▶ Exercise requirements
Check every line of the records below for the string "Black", then report only how many lines have it.

▶ Dataset excerpts
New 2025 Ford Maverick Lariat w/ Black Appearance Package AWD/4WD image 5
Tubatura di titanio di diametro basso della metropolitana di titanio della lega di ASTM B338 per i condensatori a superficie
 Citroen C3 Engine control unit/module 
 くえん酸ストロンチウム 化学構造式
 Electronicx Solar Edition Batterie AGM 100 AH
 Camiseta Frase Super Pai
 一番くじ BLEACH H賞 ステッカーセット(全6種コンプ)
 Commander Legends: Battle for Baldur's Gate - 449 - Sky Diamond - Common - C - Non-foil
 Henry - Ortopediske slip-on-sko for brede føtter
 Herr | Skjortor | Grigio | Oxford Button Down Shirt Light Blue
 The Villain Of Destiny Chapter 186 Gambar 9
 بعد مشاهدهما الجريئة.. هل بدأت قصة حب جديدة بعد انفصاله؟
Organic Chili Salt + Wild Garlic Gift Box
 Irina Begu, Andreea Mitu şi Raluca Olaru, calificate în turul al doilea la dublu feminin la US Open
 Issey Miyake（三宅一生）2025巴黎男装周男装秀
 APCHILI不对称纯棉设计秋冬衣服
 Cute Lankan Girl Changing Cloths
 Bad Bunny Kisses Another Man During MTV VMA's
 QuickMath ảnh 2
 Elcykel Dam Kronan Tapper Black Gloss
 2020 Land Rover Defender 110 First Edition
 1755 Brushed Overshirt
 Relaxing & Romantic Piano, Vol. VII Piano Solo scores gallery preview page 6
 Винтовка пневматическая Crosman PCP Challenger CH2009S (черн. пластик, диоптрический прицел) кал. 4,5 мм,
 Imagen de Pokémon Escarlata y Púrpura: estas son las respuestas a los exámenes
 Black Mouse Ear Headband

▶ Task answer
3